The Sotomayor fight is evolving along predictable lines - at least where language is concerned.
As predicted (here, too), the Republicans are moving away from "empathy" as in "Empathy: Bad" and toward "feelings" - judges shouldn't make decisions based on their "feelings." Probably a bit more effective. It's hard to be against empathy but easier to be against feelings, at least when you're playing out the (questionable) notion that judges ought to be robots executing an abstract, impersonal program called "the law." David Brooks is pretty good at undermining that idea today, at least until he comes out where he has to, in favor of restraint...

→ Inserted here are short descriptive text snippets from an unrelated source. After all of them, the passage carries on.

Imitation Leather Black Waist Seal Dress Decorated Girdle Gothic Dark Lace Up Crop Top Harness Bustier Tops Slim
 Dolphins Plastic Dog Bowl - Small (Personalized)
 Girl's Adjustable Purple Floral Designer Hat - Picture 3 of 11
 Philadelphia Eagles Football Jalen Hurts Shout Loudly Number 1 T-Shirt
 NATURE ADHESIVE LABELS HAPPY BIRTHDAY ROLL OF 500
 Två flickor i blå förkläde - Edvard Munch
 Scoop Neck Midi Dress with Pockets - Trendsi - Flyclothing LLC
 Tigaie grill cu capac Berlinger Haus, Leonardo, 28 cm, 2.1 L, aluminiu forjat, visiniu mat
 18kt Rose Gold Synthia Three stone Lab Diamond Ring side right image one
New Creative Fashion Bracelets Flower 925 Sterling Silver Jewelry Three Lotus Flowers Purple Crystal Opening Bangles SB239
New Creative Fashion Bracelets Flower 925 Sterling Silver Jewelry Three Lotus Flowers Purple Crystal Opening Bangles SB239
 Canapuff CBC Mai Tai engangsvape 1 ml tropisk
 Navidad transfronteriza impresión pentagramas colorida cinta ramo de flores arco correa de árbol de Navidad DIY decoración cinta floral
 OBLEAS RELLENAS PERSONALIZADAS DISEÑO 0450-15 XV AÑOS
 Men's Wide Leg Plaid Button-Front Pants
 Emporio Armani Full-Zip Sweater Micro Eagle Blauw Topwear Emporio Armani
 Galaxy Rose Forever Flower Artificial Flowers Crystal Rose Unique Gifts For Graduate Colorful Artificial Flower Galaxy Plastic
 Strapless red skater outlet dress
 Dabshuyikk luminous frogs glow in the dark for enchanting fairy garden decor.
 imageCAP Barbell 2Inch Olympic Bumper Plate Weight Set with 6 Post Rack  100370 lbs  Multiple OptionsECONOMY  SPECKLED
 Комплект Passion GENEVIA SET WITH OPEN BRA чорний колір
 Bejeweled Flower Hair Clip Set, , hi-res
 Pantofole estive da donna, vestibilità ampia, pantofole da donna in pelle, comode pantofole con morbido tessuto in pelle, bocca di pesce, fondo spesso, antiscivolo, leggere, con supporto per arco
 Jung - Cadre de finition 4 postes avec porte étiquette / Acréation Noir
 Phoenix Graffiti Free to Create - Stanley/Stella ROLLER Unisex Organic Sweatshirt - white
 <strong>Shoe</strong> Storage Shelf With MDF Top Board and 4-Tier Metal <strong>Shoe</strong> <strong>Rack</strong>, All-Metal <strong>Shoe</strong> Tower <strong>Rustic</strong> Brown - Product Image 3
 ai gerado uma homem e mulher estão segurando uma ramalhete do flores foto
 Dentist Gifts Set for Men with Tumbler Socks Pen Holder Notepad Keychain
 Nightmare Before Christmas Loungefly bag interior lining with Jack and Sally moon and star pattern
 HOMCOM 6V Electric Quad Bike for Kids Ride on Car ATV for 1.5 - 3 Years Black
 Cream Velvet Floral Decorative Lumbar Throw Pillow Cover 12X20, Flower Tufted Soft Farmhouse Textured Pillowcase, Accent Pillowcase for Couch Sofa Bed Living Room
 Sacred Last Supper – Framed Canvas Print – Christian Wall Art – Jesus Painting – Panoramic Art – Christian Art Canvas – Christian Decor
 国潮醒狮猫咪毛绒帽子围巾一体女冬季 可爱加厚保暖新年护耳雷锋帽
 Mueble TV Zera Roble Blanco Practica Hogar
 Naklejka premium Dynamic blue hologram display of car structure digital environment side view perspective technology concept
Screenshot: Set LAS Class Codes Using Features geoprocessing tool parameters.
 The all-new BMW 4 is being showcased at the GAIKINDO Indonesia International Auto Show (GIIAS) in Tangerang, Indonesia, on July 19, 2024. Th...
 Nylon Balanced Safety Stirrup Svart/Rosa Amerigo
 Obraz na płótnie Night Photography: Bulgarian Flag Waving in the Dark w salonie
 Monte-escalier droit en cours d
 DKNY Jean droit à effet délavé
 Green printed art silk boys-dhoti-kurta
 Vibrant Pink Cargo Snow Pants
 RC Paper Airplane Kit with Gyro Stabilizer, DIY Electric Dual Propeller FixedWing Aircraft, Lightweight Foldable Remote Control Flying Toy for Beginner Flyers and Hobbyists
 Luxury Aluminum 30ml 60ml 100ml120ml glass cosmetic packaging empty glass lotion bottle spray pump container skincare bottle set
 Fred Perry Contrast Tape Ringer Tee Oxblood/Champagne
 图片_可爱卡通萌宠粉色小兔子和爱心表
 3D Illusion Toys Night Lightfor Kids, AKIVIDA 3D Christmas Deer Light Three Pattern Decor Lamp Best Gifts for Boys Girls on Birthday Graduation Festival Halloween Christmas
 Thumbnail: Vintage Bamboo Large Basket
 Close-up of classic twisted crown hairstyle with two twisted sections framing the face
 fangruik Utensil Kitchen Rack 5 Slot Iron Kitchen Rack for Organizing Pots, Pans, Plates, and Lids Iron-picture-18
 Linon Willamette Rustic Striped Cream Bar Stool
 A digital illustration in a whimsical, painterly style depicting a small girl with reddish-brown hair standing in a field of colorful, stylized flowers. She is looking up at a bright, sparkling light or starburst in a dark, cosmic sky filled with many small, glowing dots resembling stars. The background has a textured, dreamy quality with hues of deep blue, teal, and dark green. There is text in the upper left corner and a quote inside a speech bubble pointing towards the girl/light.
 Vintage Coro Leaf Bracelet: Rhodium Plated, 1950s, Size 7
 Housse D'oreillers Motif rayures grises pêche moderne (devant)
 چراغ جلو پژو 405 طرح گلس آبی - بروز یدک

Meanwhile, Sotomayor supporters are casting about for their own counter-buzzwords. At the moment the winner seems to be "modesty," as in "judicial modesty." Neat enough - it echoes Chief Justice Roberts, suggests its own kind of restraint ("she's not an ideologue") and suggests that it's the Right that's driven by ideology. And it calls a bluff - if the Right wants restraint, here it is. Checkmate.
Which is fine, as far as it goes. I would have been happier if the Sotomayor camp had put aside buzzwords altogether and trumped the Republicans by opening up a real discussion. "Let's forget about catchphrases - aren't you too smart to be manipulated by all that? - and instead, let's talk about the record. And let's talk about how an appellate judge really makes decisions..."
That, to me, is a win. Because what that acknowledges - and the GOP won't - is that the age of the buzzword is over. There's too much information available, and too many ways of getting at it, and too many opportunities for real conversation, in real time or something like it, for an argument to succeed or fail on a turn of phrase. That's the old broadcast model at work. And we're in a post-broadcast world. Substance wins, style doesn't, and manipulation fails because - like everything else these days - it's completely transparent. You can't be an effective puppet-master when everybody can see the strings.
So don't play the GOP's word games. We're beyond framing. Roll out the big truck full of facts, and show the people what's really going on and what you really mean. That's what gets you respect, and support, and takes you where you need to go.